Je verrai toujours vos visages : un nouveau grand film après Pupille
Cinq ans après Pupille, Jeanne Herry (Elle l'adore) signe son troisième long-métrage avec Je verrai toujours vos visages. Un film centré sur la justice restaurative, dispositif permettant à des victimes et auteurs d'infraction d'échanger et de possiblement se réparer ensemble. Réunissant un casting prestigieux composé notamment de Dali Benssalah (que nous avons également rencontré), Adèle Exarchopoulos, Leïla Bekhti, Gilles Lellouche, Élodie Bouchez ou encore Miou-Miou, ce drame est un récit choral bouleversant, dont la mise en scène est toujours au service des personnages et de leurs interprètes.
Pour la sortie de Je verrai toujours vos visages, nous avons rencontré Jeanne Herry. La réalisatrice nous a raconté la genèse de ce projet, le processus de casting, sa manière de travailler avec ses comédiens ainsi que la scène la plus compliquée à tourner.
Rencontre avec Jeanne Herry
Qu'est-ce qui vous a attirée vers la justice restaurative ?
Jeanne Herry : En faisant des recherches globales sur le monde judiciaire, j'ai trouvé que c'était hyper intéressant. Ça m'a passionnée. Je suis allée me documenter, j'ai rencontré des gens, plein de gens, j'ai mené plein d'entretiens. J'ai passé 3/4 mois à explorer ce qui m'est tout de suite apparu comme un terrain de jeu génial. Pour une scénariste, pour une réalisatrice. Je trouvais qu'il y avait du cinéma partout, des beaux personnages partout, des situations hyper intenses, intéressantes, complexes.

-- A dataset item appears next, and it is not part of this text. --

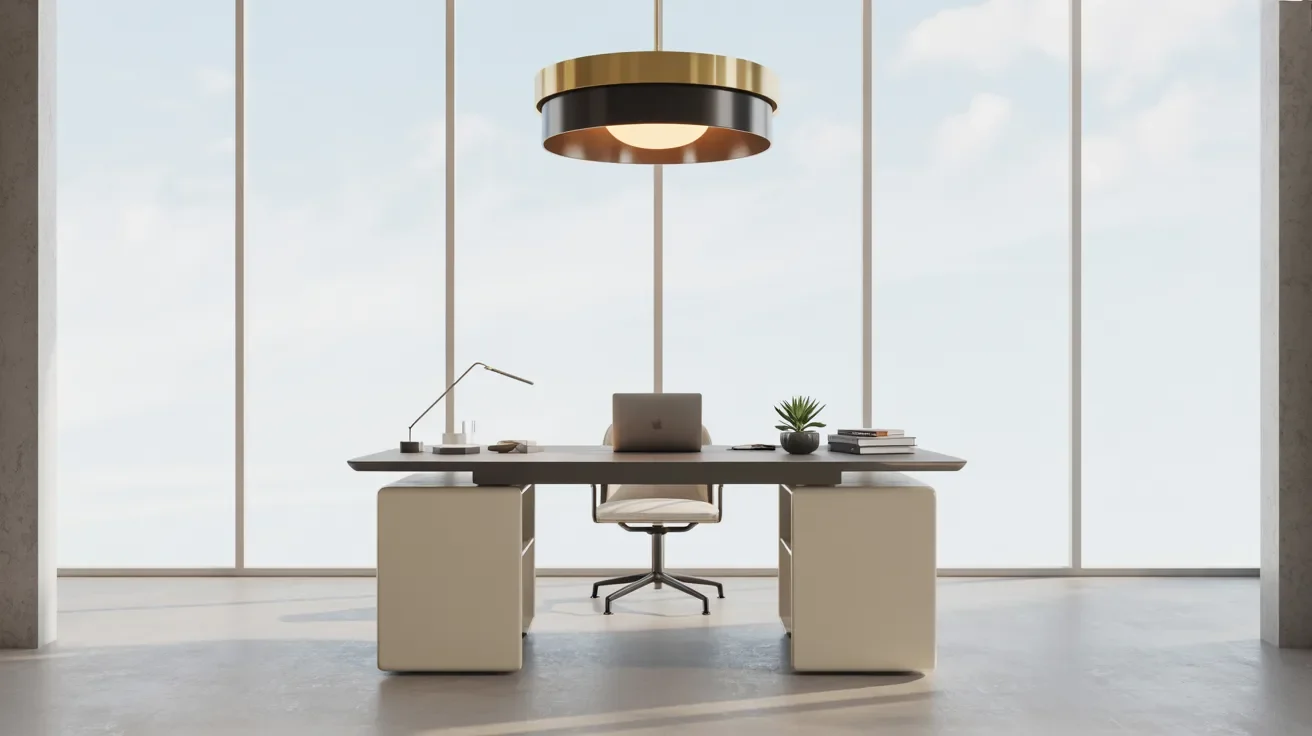 Modern office featuring large windows and a sleek desk, creating a bright and open workspace.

Dès l'écriture, vous avez eu envie de vous consacrer aux encadrants, aux détenus et aux victimes ?
Jeanne Herry : Oui. C'est vrai que ma porte d'entrée, ça a plutôt été les encadrants, qui sont un mélange de salariés et de bénévoles, c'est mélangé. J'avais d'abord besoin de les comprendre eux, parce qu'ils m'expliquent les protocoles, comment c'est pensé, les petites lignes, les grandes lignes, la philosophie générale et les moindres détails de ce qui est mis en place.
Et après, c'est vrai que j'avais envie d'être multipartiale, quelque part, d'avoir le point de vue d'un peu tout le monde. D'essayer de comprendre la logique de tout le monde, la subjectivité de tout le monde. C'était un exercice d'auteure hyper intéressant.

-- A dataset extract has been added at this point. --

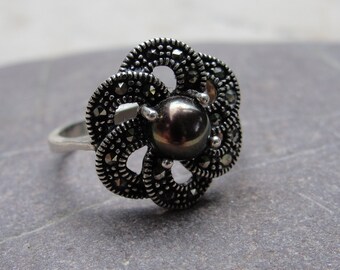 Sterling Silver Pearl Ring with Marcasite stones, one of a kind size 8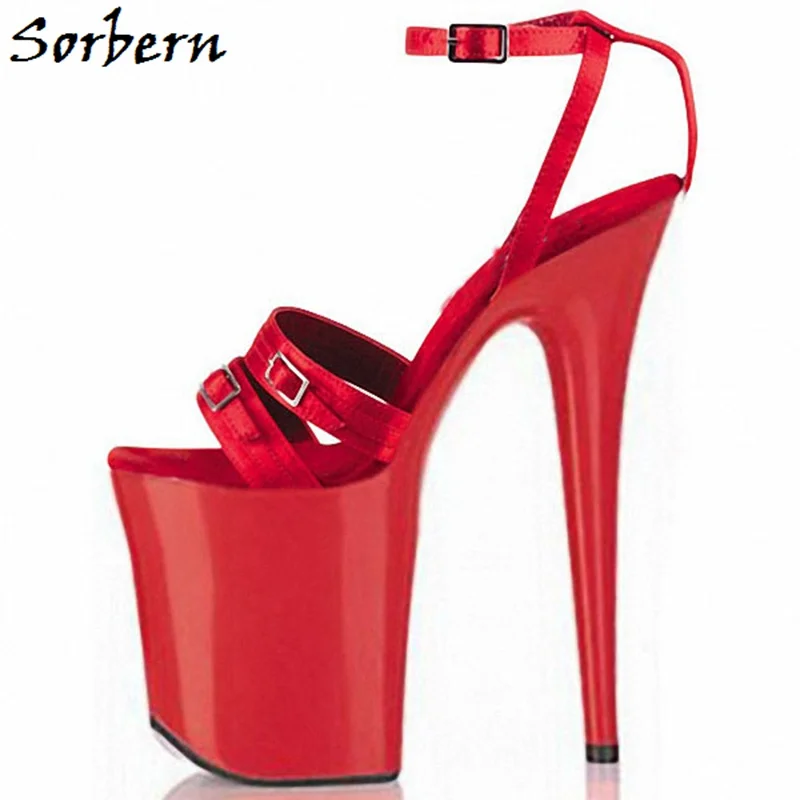 

Sorbern Summer Shoes For Ladies Sandals Size 12 High Heels Sexy Sandales Open Toe Ankle Strap Platform Designer Brand Sandals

Les personnages sont nés des différents témoignages que vous avez recueillis ou vous avez voulu vous en éloigner ?
Jeanne Herry : C'est un mélange de tout. Écrire, construire des personnages, leur donner une forme, des détails, des qualifications, des tempéraments, tout ça, ça se fait à travers un mélange de gens qu'on a croisés, un mélange de nous-même. C'est une fusion entre plusieurs personnes. Il y a évidemment une large influence des témoignages que j'ai reçus, forcément, sur les témoignages des victimes, sur les différents types d'agressions, sur les répercussions différentes que ça a sur la vie des gens. C'est vrai que rencontrer un homejacker, qui m'explique lui comment il fait, ce qu'il ressent, sa subjectivité... Tout ça, c'est hyper riche.

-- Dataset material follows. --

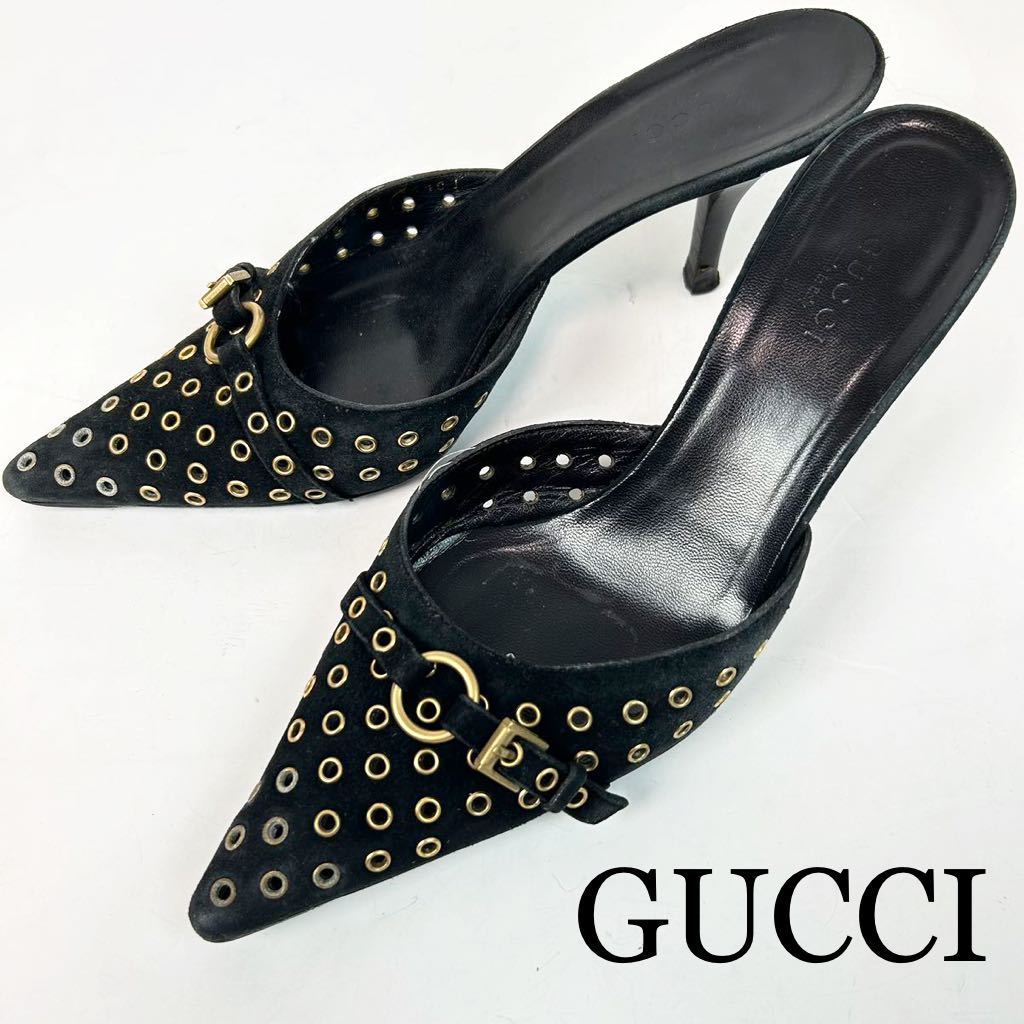 v82 GUCCI グッチ ミュール レザー パンチング スタッズ パンプス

Il y a vraiment un personnage qui est inspiré très fidèlement d'une personne que j'ai rencontrée dans le cadre de mes recherches, c'est celui qui est incarné par Leïla Bekhti, le personnage de Nawelle. J'ai vraiment repris son agression, les circonstances de son agression, les très lourdes répercussions sur sa vie, et puis comment cette participation à un dispositif de justice restaurative l'a débloquée, et pourquoi. Ça, je l'ai vraiment repris et mis dans le film, après j'ai rajouté de moi, et puis surtout je l'ai développé parce que je ne savais pas ce qu'il s'était passé pour elle après.
À l'inverse, le personnage de Chloé (joué par Adèle Exarchopoulos, ndlr), je l'ai vraiment inventé de bout en bout. Le parcours de cette femme, pourquoi, qui est ce frère, pourquoi il revient, ce qu'elle veut, ses attentes... Ça, je l'ai vraiment inventé mais pareil, en me documentant sur les mécanismes des drames intrafamiliaux.
Le personnage de Chloé, qui est un récit parallèle à celui qui se déroule dans la prison, c'était pour montrer une autre facette de la justice restaurative ?
Jeanne Herry : Oui, disons qu'il y a deux types de dispositifs qui sont mis en place, deux types de mesures. Il y a les cercles de rencontres des victimes et des auteurs d'infraction, autour des typologies de crimes, et il y a la médiation pour une victime qui veut revoir son auteur d'infraction. J'avais envie de raconter les deux parce que je trouvais que ça permettait d'explorer des situations très différentes, et pourtant il y a un écho.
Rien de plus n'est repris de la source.